EXERCISE AIM
Copy out exactly the lines from the first line of the material below through the line containing "6207 Point Lavista", and nothing beyond them.

ENTRIES PROVIDED
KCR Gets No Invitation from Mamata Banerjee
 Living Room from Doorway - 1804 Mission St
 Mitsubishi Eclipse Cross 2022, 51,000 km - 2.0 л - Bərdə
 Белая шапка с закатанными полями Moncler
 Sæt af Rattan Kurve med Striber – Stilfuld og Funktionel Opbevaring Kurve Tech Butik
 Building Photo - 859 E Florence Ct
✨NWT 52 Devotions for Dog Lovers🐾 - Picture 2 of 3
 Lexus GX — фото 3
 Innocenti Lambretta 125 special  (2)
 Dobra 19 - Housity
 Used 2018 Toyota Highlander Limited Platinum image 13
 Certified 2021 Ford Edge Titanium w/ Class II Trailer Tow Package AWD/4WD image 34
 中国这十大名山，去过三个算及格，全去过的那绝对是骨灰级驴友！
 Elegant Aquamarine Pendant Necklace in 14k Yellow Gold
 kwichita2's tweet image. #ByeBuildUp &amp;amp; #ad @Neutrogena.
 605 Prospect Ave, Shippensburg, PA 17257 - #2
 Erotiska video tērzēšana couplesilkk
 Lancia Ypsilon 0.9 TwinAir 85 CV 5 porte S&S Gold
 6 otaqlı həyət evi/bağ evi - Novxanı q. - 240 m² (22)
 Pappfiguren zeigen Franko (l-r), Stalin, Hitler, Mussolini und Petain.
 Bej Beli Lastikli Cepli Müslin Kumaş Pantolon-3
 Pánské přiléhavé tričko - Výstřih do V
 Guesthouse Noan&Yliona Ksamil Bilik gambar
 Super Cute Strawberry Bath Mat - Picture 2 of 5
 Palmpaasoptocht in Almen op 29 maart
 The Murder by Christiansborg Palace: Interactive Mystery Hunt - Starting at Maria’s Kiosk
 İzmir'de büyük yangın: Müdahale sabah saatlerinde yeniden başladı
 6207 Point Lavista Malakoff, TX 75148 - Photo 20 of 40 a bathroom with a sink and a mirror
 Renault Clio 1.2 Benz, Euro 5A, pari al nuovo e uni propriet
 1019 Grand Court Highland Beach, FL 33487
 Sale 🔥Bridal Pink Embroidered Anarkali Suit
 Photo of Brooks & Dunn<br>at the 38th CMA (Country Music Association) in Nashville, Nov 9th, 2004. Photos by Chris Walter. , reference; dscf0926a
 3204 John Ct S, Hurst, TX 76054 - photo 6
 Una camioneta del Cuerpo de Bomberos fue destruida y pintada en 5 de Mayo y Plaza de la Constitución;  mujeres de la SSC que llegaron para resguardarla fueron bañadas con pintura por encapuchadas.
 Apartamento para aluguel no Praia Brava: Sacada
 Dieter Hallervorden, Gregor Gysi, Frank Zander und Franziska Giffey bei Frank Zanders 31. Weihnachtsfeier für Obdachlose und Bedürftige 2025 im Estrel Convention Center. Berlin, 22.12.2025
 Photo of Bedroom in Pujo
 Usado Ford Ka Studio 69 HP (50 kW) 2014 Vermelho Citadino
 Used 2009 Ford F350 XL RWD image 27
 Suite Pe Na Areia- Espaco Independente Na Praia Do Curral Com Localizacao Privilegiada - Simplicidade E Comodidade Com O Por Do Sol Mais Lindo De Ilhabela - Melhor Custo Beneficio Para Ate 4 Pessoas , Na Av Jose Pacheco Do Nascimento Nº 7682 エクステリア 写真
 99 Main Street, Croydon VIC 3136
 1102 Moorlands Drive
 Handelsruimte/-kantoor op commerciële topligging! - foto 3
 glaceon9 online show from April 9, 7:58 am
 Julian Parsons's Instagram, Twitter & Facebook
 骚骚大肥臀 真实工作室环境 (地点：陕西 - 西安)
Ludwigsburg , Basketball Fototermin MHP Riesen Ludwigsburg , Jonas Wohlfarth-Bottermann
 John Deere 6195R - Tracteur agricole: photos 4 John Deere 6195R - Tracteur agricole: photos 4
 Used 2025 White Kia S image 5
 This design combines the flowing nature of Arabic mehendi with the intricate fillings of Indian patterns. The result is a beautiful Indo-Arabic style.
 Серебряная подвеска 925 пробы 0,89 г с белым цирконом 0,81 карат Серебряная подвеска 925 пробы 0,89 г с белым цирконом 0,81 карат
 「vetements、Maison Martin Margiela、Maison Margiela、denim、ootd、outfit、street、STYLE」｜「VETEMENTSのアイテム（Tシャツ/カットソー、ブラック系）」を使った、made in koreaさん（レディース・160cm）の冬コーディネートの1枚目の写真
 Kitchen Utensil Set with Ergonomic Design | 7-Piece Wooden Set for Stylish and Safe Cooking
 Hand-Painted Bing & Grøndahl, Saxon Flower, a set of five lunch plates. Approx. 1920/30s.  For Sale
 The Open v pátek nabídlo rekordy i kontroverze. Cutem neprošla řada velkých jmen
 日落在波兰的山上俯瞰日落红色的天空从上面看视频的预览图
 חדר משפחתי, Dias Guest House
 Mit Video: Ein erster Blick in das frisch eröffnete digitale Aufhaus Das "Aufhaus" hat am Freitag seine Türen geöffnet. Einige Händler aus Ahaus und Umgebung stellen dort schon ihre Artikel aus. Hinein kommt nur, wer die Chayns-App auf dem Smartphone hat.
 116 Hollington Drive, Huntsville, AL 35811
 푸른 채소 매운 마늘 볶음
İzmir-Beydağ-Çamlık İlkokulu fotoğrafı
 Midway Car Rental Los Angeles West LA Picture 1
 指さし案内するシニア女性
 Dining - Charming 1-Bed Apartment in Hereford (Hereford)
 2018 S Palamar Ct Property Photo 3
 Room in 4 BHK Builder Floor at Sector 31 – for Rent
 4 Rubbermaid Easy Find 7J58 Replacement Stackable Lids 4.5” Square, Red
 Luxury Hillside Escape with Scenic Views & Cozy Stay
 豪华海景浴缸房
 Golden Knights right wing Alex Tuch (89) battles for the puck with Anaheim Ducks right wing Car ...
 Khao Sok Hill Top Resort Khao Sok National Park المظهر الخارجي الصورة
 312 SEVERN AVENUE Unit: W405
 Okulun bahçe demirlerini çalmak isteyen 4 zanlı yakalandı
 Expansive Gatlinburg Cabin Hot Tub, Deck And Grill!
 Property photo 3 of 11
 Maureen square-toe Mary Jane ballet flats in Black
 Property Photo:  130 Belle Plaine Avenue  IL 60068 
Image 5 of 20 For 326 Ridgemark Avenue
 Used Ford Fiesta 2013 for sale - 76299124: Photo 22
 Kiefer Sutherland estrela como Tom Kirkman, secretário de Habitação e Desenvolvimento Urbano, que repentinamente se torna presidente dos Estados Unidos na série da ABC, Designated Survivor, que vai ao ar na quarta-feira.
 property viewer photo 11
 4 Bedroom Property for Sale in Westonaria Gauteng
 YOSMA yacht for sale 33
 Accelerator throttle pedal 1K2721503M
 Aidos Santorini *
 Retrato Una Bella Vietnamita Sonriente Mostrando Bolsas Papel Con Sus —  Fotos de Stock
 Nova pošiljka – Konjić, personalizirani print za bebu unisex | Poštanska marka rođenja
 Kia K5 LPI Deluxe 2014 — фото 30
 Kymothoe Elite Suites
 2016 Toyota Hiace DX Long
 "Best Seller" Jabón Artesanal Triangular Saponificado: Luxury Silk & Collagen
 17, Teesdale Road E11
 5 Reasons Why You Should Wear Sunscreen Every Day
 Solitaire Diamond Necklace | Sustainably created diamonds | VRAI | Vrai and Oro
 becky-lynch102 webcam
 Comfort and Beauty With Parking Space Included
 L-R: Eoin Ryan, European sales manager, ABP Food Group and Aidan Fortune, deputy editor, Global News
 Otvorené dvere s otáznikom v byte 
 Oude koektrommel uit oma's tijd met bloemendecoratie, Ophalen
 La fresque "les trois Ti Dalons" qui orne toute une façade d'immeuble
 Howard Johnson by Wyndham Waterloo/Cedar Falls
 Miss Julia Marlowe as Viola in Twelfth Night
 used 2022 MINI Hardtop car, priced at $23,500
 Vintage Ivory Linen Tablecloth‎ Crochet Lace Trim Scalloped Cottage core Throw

OUTPUT BELOW
KCR Gets No Invitation from Mamata Banerjee
 Living Room from Doorway - 1804 Mission St
 Mitsubishi Eclipse Cross 2022, 51,000 km - 2.0 л - Bərdə
 Белая шапка с закатанными полями Moncler
 Sæt af Rattan Kurve med Striber – Stilfuld og Funktionel Opbevaring Kurve Tech Butik
 Building Photo - 859 E Florence Ct
✨NWT 52 Devotions for Dog Lovers🐾 - Picture 2 of 3
 Lexus GX — фото 3
 Innocenti Lambretta 125 special  (2)
 Dobra 19 - Housity
 Used 2018 Toyota Highlander Limited Platinum image 13
 Certified 2021 Ford Edge Titanium w/ Class II Trailer Tow Package AWD/4WD image 34
 中国这十大名山，去过三个算及格，全去过的那绝对是骨灰级驴友！
 Elegant Aquamarine Pendant Necklace in 14k Yellow Gold
 kwichita2's tweet image. #ByeBuildUp &amp;amp; #ad @Neutrogena.
 605 Prospect Ave, Shippensburg, PA 17257 - #2
 Erotiska video tērzēšana couplesilkk
 Lancia Ypsilon 0.9 TwinAir 85 CV 5 porte S&S Gold
 6 otaqlı həyət evi/bağ evi - Novxanı q. - 240 m² (22)
 Pappfiguren zeigen Franko (l-r), Stalin, Hitler, Mussolini und Petain.
 Bej Beli Lastikli Cepli Müslin Kumaş Pantolon-3
 Pánské přiléhavé tričko - Výstřih do V
 Guesthouse Noan&Yliona Ksamil Bilik gambar
 Super Cute Strawberry Bath Mat - Picture 2 of 5
 Palmpaasoptocht in Almen op 29 maart
 The Murder by Christiansborg Palace: Interactive Mystery Hunt - Starting at Maria’s Kiosk
 İzmir'de büyük yangın: Müdahale sabah saatlerinde yeniden başladı
 6207 Point Lavista Malakoff, TX 75148 - Photo 20 of 40 a bathroom with a sink and a mirror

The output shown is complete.